Fredrick a écrit :Bonjour à tous,
Ma question est dans le titre, j'aimerai savoir ce que pense l'orthodoxie du protestantisme en général.
Merci.
Au début de la Réforme, Luther s'est persuadé qu'il avait retrouvé une foi qui était aussi celle de l'Eglise orthodoxe. Il y a un de ses écrits (je retrouverai la référence) où il affirme que sa foi est aussi celle des Grecs et des Blancs-Ruthènes. Mais il n'a eu aucun contact direct avec les orthodoxes. On considère généralement que plus aucune union n'était possible à partir du moment où le docteur Luther a nié la valeur sacramentelle de l'onction des malades.

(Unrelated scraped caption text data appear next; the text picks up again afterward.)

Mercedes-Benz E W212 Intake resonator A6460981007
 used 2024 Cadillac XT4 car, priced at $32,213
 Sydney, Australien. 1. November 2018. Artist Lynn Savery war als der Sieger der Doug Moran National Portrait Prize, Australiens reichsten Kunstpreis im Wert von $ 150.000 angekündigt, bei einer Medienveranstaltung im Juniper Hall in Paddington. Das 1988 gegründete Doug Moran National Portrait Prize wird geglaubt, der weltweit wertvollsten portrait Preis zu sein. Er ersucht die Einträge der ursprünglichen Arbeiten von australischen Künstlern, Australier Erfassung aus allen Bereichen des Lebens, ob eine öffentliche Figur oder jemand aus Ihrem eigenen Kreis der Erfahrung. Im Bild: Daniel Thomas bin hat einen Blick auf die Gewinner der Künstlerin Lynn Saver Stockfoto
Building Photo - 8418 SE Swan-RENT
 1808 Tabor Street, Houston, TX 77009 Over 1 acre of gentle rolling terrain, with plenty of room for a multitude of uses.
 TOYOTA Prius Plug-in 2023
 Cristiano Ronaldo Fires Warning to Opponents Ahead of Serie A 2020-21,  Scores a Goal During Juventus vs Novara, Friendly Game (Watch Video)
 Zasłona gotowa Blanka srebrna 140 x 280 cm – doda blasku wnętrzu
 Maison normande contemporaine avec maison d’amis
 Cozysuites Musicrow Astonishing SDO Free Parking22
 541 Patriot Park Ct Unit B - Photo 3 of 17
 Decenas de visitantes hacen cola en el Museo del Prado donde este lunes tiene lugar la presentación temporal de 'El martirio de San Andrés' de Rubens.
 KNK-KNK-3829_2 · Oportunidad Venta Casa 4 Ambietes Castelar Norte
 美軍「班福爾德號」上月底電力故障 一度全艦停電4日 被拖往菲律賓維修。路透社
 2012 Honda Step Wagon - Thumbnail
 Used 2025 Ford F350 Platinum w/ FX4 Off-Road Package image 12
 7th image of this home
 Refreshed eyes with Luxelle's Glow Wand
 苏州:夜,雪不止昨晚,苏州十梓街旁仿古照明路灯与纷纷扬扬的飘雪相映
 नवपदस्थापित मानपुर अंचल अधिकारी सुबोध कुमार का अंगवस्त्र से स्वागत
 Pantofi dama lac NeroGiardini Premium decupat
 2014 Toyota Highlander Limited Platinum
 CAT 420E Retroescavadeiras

Par la suite, du temps du patriarche Jérémie II de Constantinople, il y a eu une longue correspondance entre les docteurs luthériens de Tubingue et le patriarcat de Constantinople. L'histoire de cette correspondance a été très bien rapportée par Sir Steven Runciman dans
The Great Church under Captivity. Les luthériens voulaient se rallier le patriarcat de Constantinople - qui gémissait sous le joug musulman et se trouvait en situation précaire - dans leur lutte contre la Papauté, mais le patriarche Jérémie n'était pas prêt à vendre sa foi. Après plusieurs échanges de lettres avec les théologiens luthériens, il leur a écrit une lettre admirable, dont le contenu pourrait être résumé en "nous pouvons rester de bons amis, mais nous professons clairement une foi différente". Cette lettre est d'ailleurs un résumé de la position orthodoxe traditionnelle face à l'hérésie: on réfute l'erreur, on ne tue pas ceux qui la professent - position fort différente de celle de la Papauté jusqu'à nos jours (l'exemple du cardinal Stepinac et des Oustachis nous montre un exemple fort récent de la manière dont le Vatican traite les chrétiens qui ne se soumettent pas à son autorité quand il est en position de force) et de la Réforme au XVIe siècle (qu'on se souvienne de la lettre de Castellion à Calvin: "Tuer un homme, ce n'est pas défendre une idée, c'est tuer un homme"). Il est bon de rappeler cette position traditionnelle à l'heure où les oecuménistes cherchent à présenter les orthodoxes fidèles à leur foi comme des intolérants, capitalisant sur tous les mauvais souvenirs que les persécutions et les guerres de religion ont laissé en Europe occidentale, alors que l'Orthodoxie n'a pas un héritage historique aussi désastreux, même si elle n'est pas exempte de ses propres fautes. Je me demande si, dans leur désir d'union avec la puissance temporelle de la Papauté, les orthodoxes papalins n'iront pas jusqu'à projeter leur amour du Vatican dans le passé et à faire endosser à l'Orthodoxie la responsabilité de l'Inquisition... dont un des buts, au moment de sa création, était d'extirper les orthodoxes de l'Italie du Sud.
Ajoutons que le patriarcat arménien de Constantinople n'eut pas, à la même époque, la même fermeté dans sa foi que le patriarcat orthodoxe, et que les émissaires luthériens reçurent des déclarations vagues quant à la position des monophysites sur la question du
Filioque.
On peut déplorer que les circonstances historiques et, peut-être, la personnalité elle-même de Luther aient empêché cette union dont il rêvait avec les patriarcats orthodoxes en aboutissant à l'apparition de nouvelles confessions chrétiennes plutôt qu'à un retour d'une partie de l'Europe occidentale au sein de l'Orthodoxie. C'était d'ailleurs le deuxième échec de ce genre, puisque les Hussites de Bohême avaient essayé, au milieu du XVe siècle, d'entrer en communion avec l'Eglise orthodoxe. Cette tentative avait échoué parce que le siège de Constantinople était tenu par les partisans de la fausse union de Florence appuyés par le pouvoir politique, les orthodoxes fidèles à leur foi ayant dû former un synode persécuté qui s'appelait la Synaxe. On sait néanmoins qu'un émissaire hussite fut reçu dans l'Orthodoxie par les évêques de la Synaxe. On constate que l'oecuménisme avait déjà en 1450 les conséquences qu'il a aujourd'hui au sein de l'Orthodoxie: bien loin d'unir qui que ce soit, il divise les orthodoxes entre eux, et fait en outre obstacle au témoignage orthodoxe à l'égard de chrétiens hétérodoxes qui, à l'exemple des Hussites de l'époque, ont faim et soif de la vérité.